Kevin Day [Fri, 1 Nov 2019 04:07:31 +0000 (23:07 -0500)]
Progress: continue working on fss-003 Extended List
A nested type has been created.
I suspect that I will need to change the structure of the other types to improve consistency, but more review and consideration is needed before any such changes are made.
A read program was written but it is essentially a copy and paste of Basic List, with a few minor changes just to make it compile.
The program arguments of all the FLL programs will need to be changed such that adding support for "depth" selection can be used for things lile Extended List.
The memory allocation is implemented but not reviewed.
I converted the behavior to support nesting, but I need to review the logic to ensure I caught everything.
Kevin Day [Wed, 18 Sep 2019 00:09:44 +0000 (19:09 -0500)]
Update: finish implementing f_utf_character_is_valid() and related UTF-8 changes
UTF-8 BOM is actually not a thing but only a suggestion, see RFC 3629.

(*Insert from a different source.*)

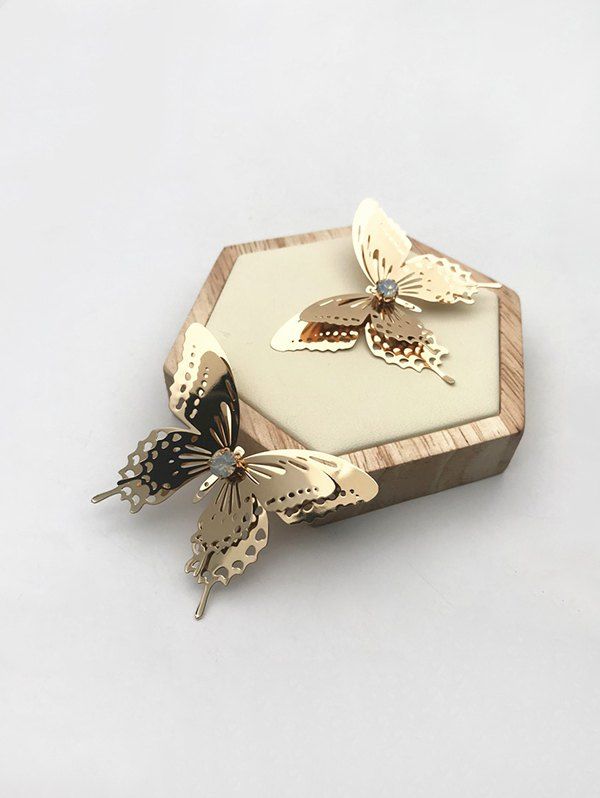 

Hollow Out Butterfly Shape Stud Earrings, Golden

I consider it a very bad practice now that I have learned that it is also the zero width space.
Get rid of the UTF-8 BOM support, it is a bad idea and is not to be supported by this project.
The referenced rfc also provides an easier way to view the valid ranges that my previous resources (such as wikipedia).
This helped me finish this function.
Updated byte_dump to better utilize this and to remove no longer necessary code.
Fix an accidental incorrect "invalid detection" check use before calling f_utf_character_is_valid() in byte_dump.
Explicitly print a "." or " " for UTF-8 control characters (ASCII control characters are already handled before this point so it is safe to call f_utf_character_is_control()).
Kevin Day [Tue, 17 Sep 2019 00:49:00 +0000 (19:49 -0500)]
Progress: finish the main parts of invalid UTF-8 detection
This wraps up the work needed for all explicitly declared invalid sequences.
There are some sequences, such as "Overlong", that are considered invalid (according to Wikipedia at this time) but the source (namely Wikipedia) does not explicitly declare what they are.
I need to figure out what these really are and handle them.
There are also likely cases of accidental copy and paste that will be fixed as I discover them (sorry, the size of documentation I had to go through to get these invalid sequences is massive to me).
There are also some @todo situations that I would like to resolve.
Kevin Day [Sun, 15 Sep 2019 03:35:26 +0000 (22:35 -0500)]
Update: disable init until I can get around to it
I decided to start at least clean up some of the compile errors, but this was simply too much of a mess.
Instead, just comment out code and deal with it later.
Kevin Day [Sat, 14 Sep 2019 20:59:45 +0000 (15:59 -0500)]
Progress: begin converting byte_dump to using f_utf_character_is_valid()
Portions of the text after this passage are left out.